--- START ---

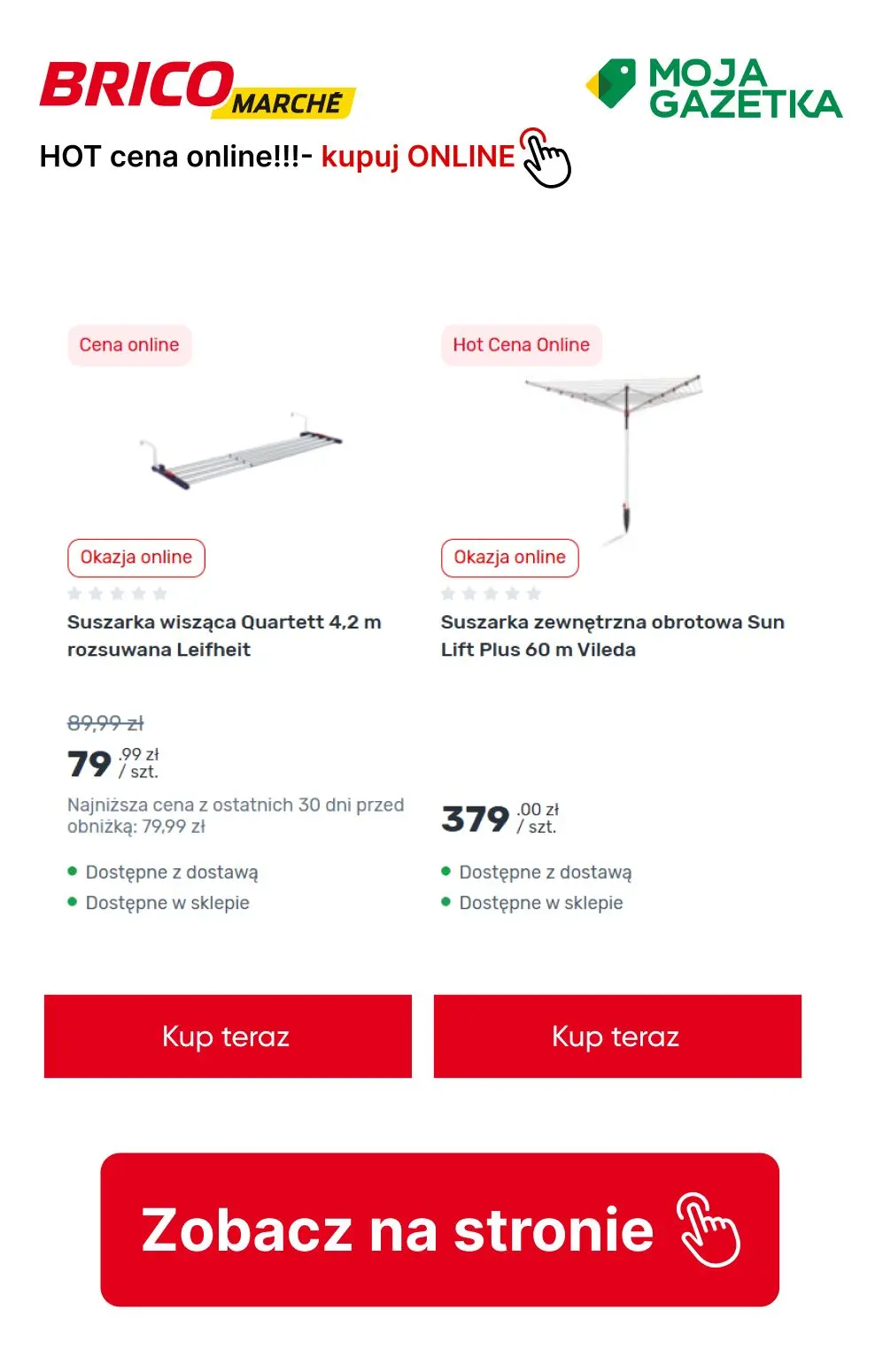 gazetka promocyjna BRICOMARCHE Hot cena online! - Strona 6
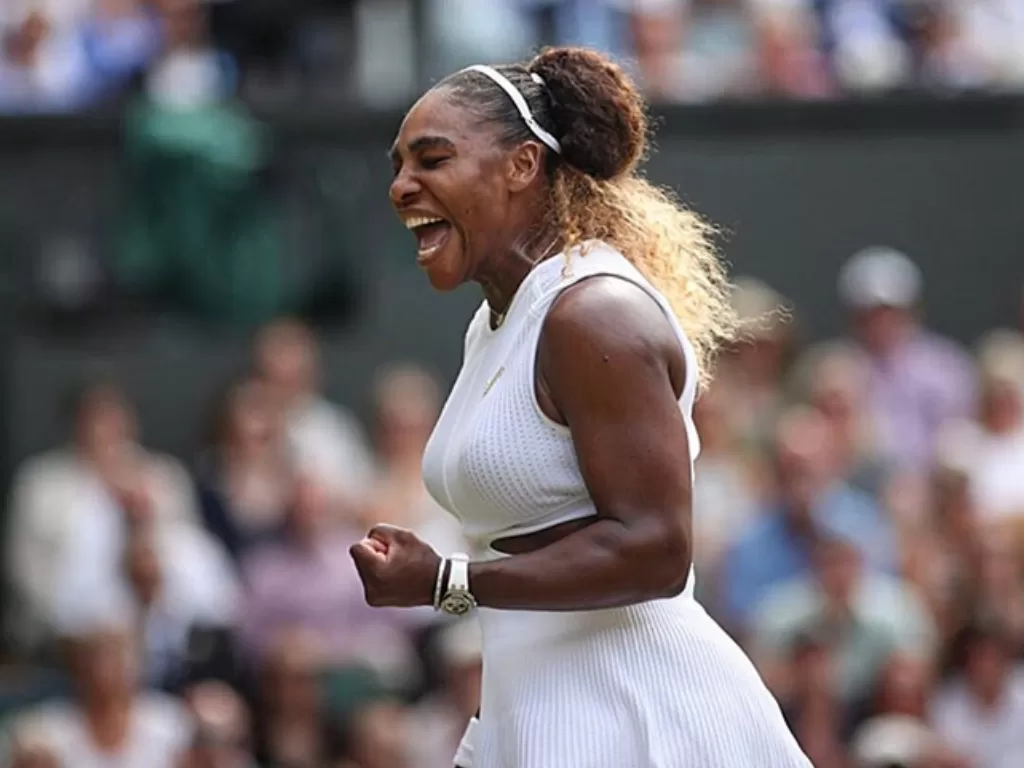 Serena Williams tumbangkan Strycova/Instagram/@wimbledon
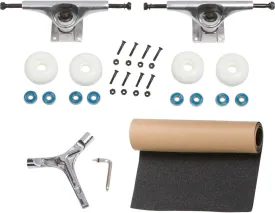 Complete Skateboard Kit, Our All in One Skateboard Kit Including Trucks, Deck Kit, and All Tools to Build a Skateboard
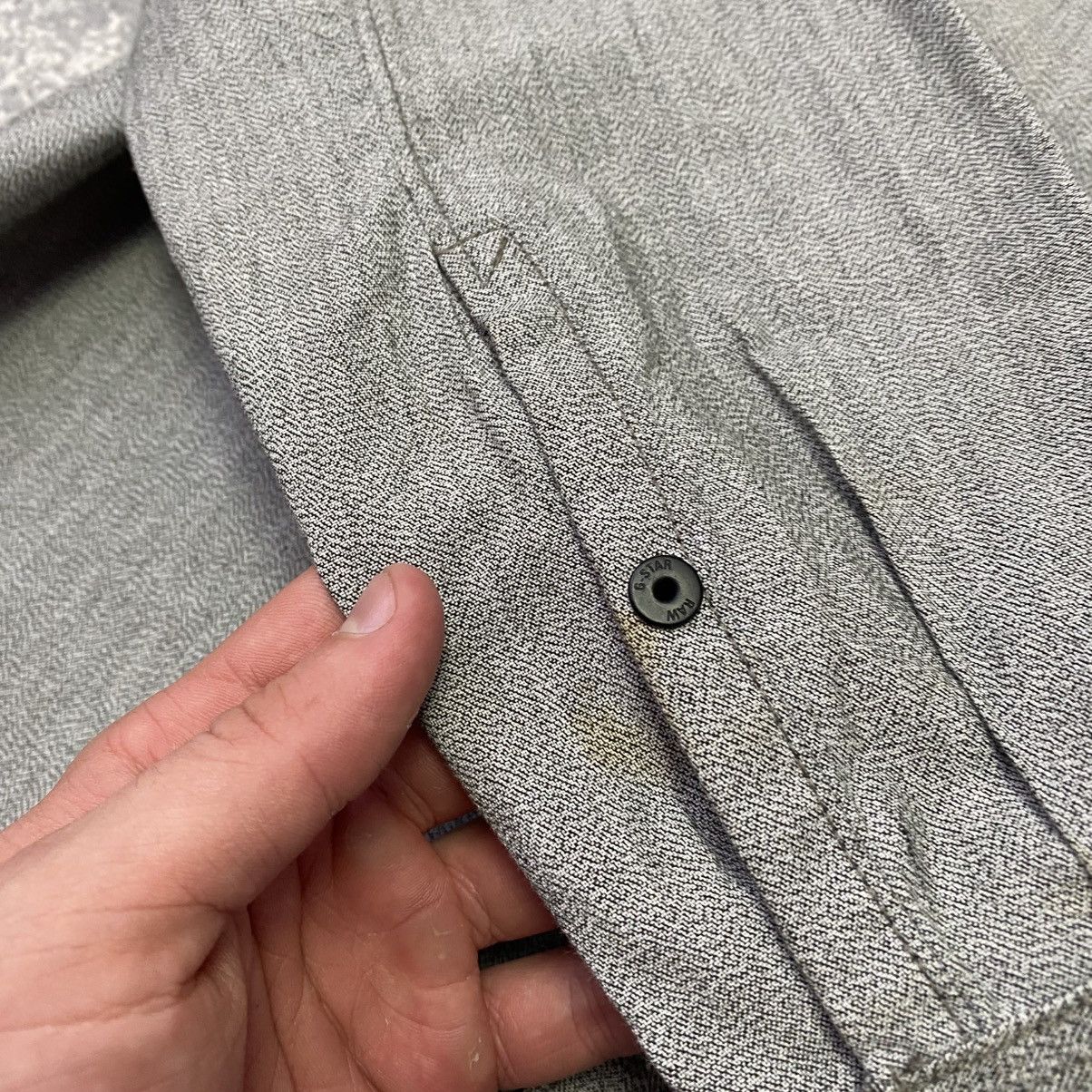 G-Star Vintage G-Star Raw Small logo streetwear button overshirt Size US L / EU 52-54 / 3 - 10 Thumbnail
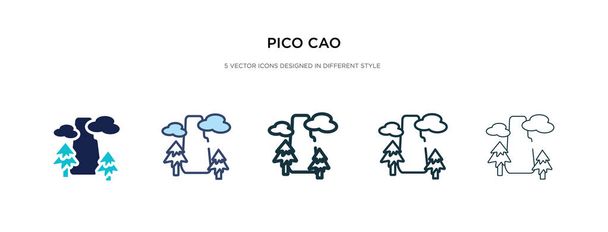 pico cao ikon különböző stílusú vektor illusztráció. két szín - Vektor, kép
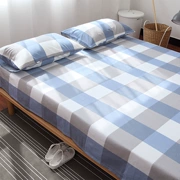 100% khăn bông duy nhất mảnh đúp dày 1,5 1,8 2 m giường đơn cotton sinh viên lanh 1.2m - Khăn trải giường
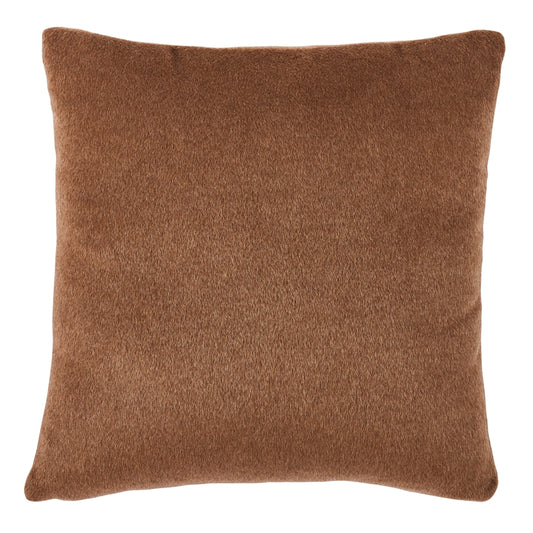 So6713306 | Dixon Mohair 22" Pillow, Vicuna - Schumacher Furniture and Accessories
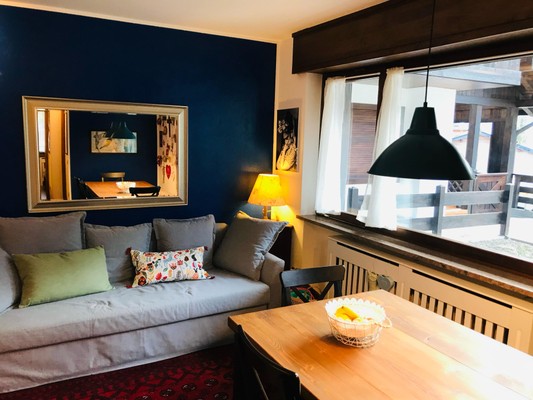 Das Wohnzimmer Ferienwohnung La Casa di Frida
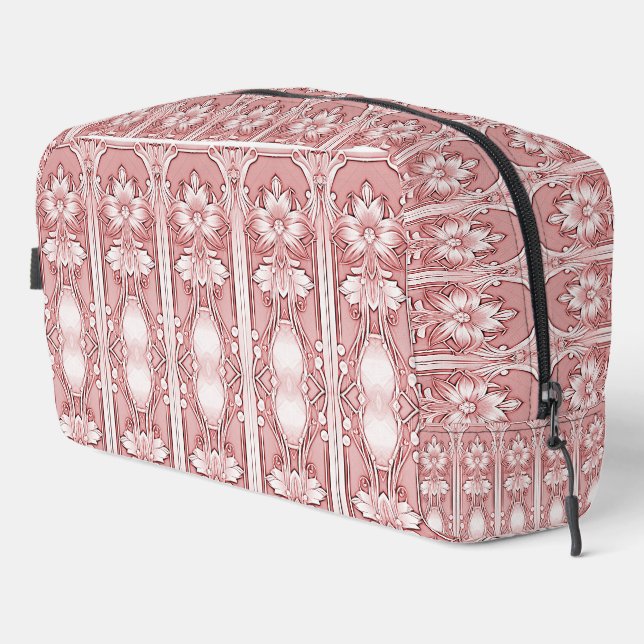 Pink Floral Toiletry Bag (Right Corner)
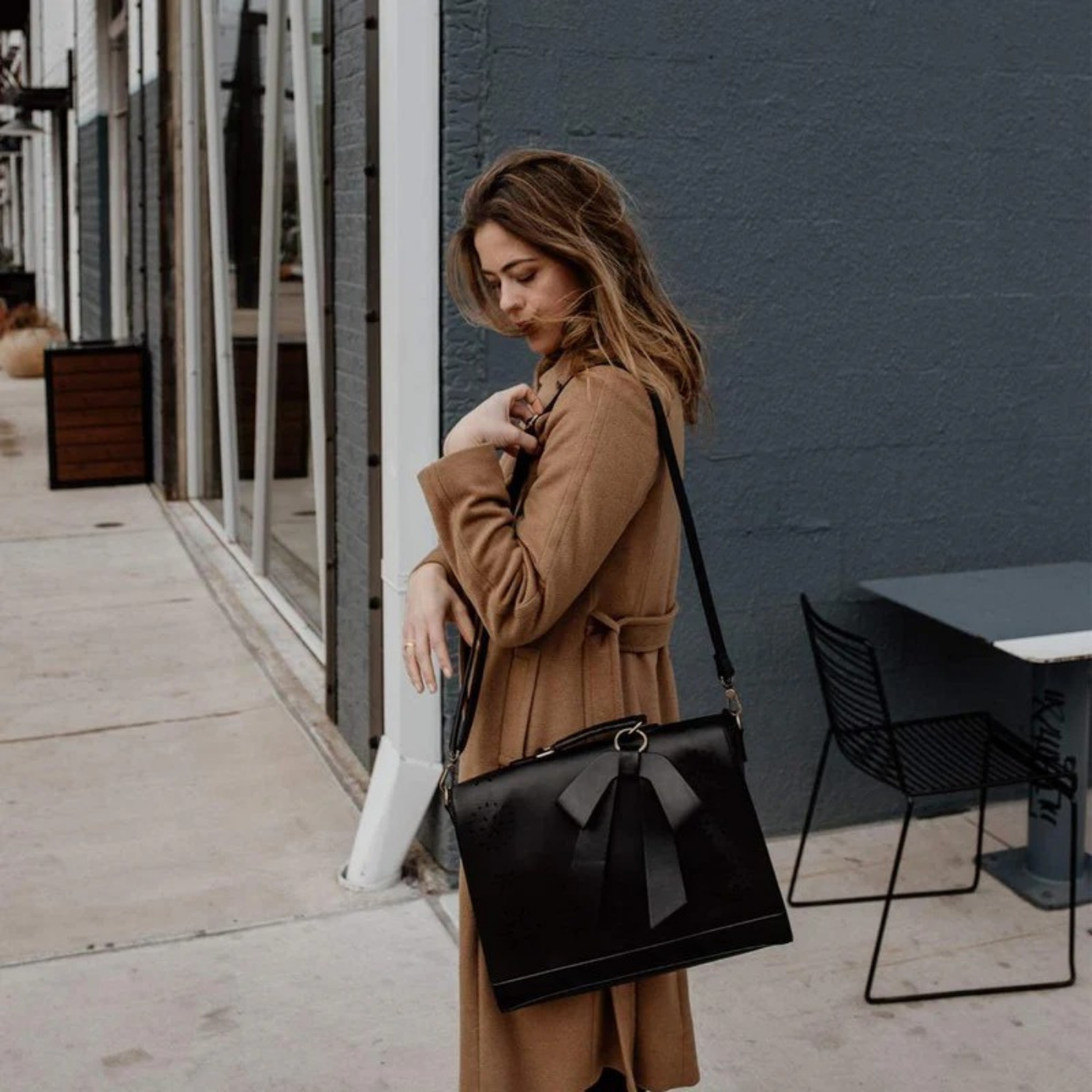 Helen – Stylowa kokarda – Torebka damska-10287801565527-Krystyna Skórzane Atelier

--- END ---

Work to be completed:
Take the line with "100% khăn bông" and each line after it through the end of the material above, and reproduce them exactly, without the pictures.

Solved exercise:
 100% khăn bông duy nhất mảnh đúp dày 1,5 1,8 2 m giường đơn cotton sinh viên lanh 1.2m - Khăn trải giường
 So6713306 | Dixon Mohair 22" Pillow, Vicuna - Schumacher Furniture and Accessories
 Das Wohnzimmer Ferienwohnung La Casa di Frida
 Pink Floral Toiletry Bag (Right Corner)
 Helen – Stylowa kokarda – Torebka damska-10287801565527-Krystyna Skórzane Atelier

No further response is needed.